HTTP Request - starting URL domain.com/startUrl
HTML Extract - in this step im extracting URL of json file (/something/ID/something.json)
— (something.json has dozens of pages, on each page/json file are 0-5 links to profiles (some profiles are private so doesnt have links to profile) - links i need to save into google sheet)
so next step is SET where im adding domain before, and paging after - https://domain.com{{$json[“data”]}}?page=
next is HTTP Request where URL is {{$node[“Set”].json[“review.json”]}}{{$runIndex+1}} - runIndex starting from 0 and =page 0 and 1 are the same, so +1 is ok for me.
next is HTML Extract where im extracting 1)links to profiles, 2)name of profile (this will be used in next step)
next is IF - checking if json?page=1 has “name of profile” - if doesnt - workflow is stoping, if have “name of profile” it goes to next
next IF - checking if exist “links to profile” - if no - return again to last HTTP Request - if it has “link to profile” it continue to
FUNCTION where links are splitting into one url per line in json (links are without domain like /profileURL)
so in next step SET - adding domain before link
next writing links to Google Sheet. This first run goes ok.

As I mentioned - there are many json pages (.json?page=1, .json?page=2, etc, so im returning to

HTTP Request again, to fetch next page {{$node[“Set”].json[“review.json”]}}{{$runIndex+1}} now sould return page=2, but here is an error and it looks like it forgot start URL

Error when starting LOOP is:

Workflow:

What I need is to loop json pages till there will be no names and links in json file. At this moment this one has cca 240pages, but (half empty) json is generating even when trying page=999.

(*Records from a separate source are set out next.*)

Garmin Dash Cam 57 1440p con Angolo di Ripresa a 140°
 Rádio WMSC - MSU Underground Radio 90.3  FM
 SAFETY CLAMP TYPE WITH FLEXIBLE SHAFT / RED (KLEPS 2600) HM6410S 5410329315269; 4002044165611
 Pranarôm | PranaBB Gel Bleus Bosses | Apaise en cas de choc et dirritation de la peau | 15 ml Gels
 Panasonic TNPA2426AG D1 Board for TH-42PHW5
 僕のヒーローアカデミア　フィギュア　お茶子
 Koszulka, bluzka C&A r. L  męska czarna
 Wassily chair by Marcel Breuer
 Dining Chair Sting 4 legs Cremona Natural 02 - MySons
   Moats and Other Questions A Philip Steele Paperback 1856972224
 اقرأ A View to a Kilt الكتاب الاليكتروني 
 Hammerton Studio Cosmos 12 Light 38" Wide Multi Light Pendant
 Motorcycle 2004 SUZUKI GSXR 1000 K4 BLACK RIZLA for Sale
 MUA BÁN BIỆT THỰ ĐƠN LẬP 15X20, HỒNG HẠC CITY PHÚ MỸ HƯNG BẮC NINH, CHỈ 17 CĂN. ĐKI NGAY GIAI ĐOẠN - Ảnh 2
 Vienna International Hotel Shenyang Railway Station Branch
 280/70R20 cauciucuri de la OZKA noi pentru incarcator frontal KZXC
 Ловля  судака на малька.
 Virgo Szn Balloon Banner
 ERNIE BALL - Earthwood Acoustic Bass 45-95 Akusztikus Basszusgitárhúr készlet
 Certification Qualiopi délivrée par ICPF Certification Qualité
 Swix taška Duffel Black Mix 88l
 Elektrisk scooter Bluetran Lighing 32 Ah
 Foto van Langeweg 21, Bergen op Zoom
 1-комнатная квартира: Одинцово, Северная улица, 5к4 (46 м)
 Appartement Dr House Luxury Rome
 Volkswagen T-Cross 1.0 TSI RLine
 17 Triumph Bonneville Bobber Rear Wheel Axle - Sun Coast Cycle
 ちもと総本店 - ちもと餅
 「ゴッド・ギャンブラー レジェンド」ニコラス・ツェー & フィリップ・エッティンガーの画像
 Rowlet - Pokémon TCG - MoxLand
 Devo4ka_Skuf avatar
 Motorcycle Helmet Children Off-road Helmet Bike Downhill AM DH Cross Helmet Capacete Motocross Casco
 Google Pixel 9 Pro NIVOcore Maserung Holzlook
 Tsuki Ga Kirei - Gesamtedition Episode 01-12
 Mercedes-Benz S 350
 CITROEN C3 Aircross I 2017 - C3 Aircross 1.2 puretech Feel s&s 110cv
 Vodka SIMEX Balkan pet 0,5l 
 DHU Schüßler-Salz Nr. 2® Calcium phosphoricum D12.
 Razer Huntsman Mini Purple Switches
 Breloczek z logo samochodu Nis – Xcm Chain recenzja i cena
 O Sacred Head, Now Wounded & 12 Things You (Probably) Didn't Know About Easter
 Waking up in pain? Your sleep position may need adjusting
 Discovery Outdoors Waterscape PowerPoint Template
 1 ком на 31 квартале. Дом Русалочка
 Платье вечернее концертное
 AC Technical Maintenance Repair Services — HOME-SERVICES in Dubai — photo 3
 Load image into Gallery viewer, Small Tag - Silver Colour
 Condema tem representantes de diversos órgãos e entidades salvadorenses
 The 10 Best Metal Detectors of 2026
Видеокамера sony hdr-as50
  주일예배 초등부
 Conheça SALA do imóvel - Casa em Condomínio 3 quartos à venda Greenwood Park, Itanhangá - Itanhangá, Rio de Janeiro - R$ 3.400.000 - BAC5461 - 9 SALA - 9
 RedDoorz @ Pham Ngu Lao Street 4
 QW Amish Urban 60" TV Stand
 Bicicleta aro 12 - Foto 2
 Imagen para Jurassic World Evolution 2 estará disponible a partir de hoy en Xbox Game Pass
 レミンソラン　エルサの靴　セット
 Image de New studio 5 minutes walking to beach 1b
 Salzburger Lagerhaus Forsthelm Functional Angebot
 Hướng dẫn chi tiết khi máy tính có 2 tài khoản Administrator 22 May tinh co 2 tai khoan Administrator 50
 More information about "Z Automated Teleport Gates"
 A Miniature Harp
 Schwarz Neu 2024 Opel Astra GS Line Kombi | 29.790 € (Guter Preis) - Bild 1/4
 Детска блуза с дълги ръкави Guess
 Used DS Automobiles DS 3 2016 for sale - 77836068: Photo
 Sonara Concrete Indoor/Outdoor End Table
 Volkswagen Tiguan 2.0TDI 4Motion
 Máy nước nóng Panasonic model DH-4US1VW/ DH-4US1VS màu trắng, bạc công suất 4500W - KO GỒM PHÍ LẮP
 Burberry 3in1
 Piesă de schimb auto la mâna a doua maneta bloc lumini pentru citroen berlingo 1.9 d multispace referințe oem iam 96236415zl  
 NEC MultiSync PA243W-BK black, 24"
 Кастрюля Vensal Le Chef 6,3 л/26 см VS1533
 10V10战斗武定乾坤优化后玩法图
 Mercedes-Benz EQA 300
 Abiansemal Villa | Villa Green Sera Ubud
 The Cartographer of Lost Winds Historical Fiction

In close future i will need a hint how to read Google Sheet with many urls - one url per one workflow execution, then read next url. And how in this case about “runIndex”? how can i reset it? (on next ID/something.json file? becasue on next url i need to start it from zero again, and I plan to make this as loop too.

Information on your n8n setup

**n8n version: 0.158.0
**Database you’re using (default: SQLite): PS
Running n8n with the execution process [own(default), main]:
**Running n8n via [Docker, npm, n8n.cloud, desktop app]: docker

MutedJam · January 13, 2022, 8:45am

Hi @martin_sabo, welcome to the community

It looks like in your node HTTP Request8 you are using an expression like {{$node["Set"].json["review.json"]}}{{$runIndex+1}}.

Based on your description it sounds to me like this is what is happening: When this node processes its first item, it would read the review.json property of the first item of your Set node. Once HTTP Request8 processes its second item, it would try reading the second item of your Set node which doesn’t exist.

To always read the first item of your Set node, you can put $item(0) in front of your existing expression as described here.

Hope this helps

For your second question:

a hint how to read Google Sheet with many urls - one url per one workflow execution, then read next url. And how in this case about “runIndex”? how can i reset it? (on next ID/something.json file? becasue on next url i need to start it from zero again, and I plan to make this as loop too.

May I ask why you want to execute a workflow many times? This seems like it complicates things a lot. That’s because almost all n8n nodes would run once for each item they receive. So when reading a Google Sheet like this:

n8n would already make three individual HTTP requests using a simple workflow like this:

Example Workflow

So purely based on the description it sounds to me like you wouldn’t need loops (and the headache that sometimes comes with them).

martin_sabo · January 13, 2022, 9:17pm

Thank you for quick answer. After some testing i will choose a way with cron probably.

MutedJam · January 14, 2022, 8:24am

Hope my answer helped, enjoy your automation journey!